One serious problem is a situation where the line width of a resist pattern changes or the resist pattern is deformed into the form of a character "T" according to a post exposure delay (hereinafter abbreviated as "PED"), which is the period of time before the resist is baked (post baking) after irradiation.
In addition to these problems, there are problems such as fluctuation in resolution by PED, large dependency on the bake temperature, insufficient process stability, and the like. Further improvement in the overall characteristics of the chemically amplified resists is therefore strongly desired.
Among the above-described chemically amplified resists a positive tone resist containing a copolymer of hydroxystyrene and t-butyl acrylate as a resin component (hereinafter referred to as Type 1) and a positive tone resist containing a resin component with phenolic hydroxyl groups in poly(hydroxystyrene) protected with a ketal group or acetal group (hereinafter referred to as Type 2) are reported to have the above various problems only to a relatively small extent.
However, the Type 1 resist is easily affected by a standing wave because this resist contains a large amount of acrylic components having a small absorption coefficient at a wavelength of 248 nm, which gives rise to an impaired pattern configuration. The Type 1 resist also exhibits only poor resolution. The Type 2 resist, on the other hand, exhibits only poor heat resistance, giving rise to pattern deformation due to heat. In the situation where demand for miniaturization increases, these resists cannot satisfy all requirements, such as high resolution, excellent heat resistance, and the like, at the same time.
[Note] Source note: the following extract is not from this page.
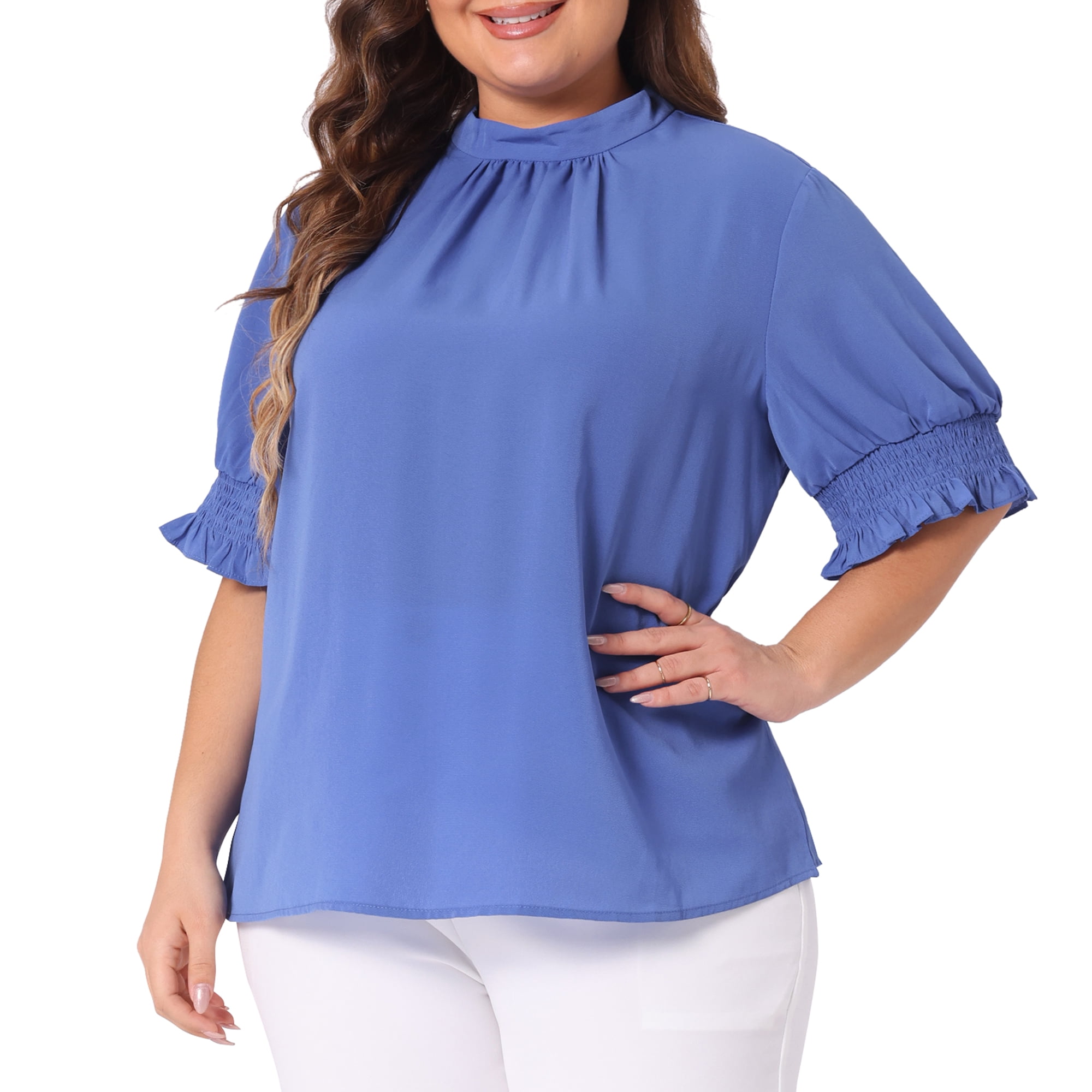 DARING DIVA Women's Plus Office Pleated Short Puff Sleeves Mock Neck Top 4X Blue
In view of this situation, the present invention has been completed as a result of detailed studies relating to resin components comprising chemically amplified resists. Specifically, an object of the present invention is to provide a radiation sensitive resin composition useful as a chemically amplified positive tone resist, which is sensitive to various types of radiation and which exhibits high resolution, superb capability of producing superior pattern forms, and excellent resistance to PED, higher process stability, is affected by a standing wave only to a minimum extent, and possesses prominent heat resistance.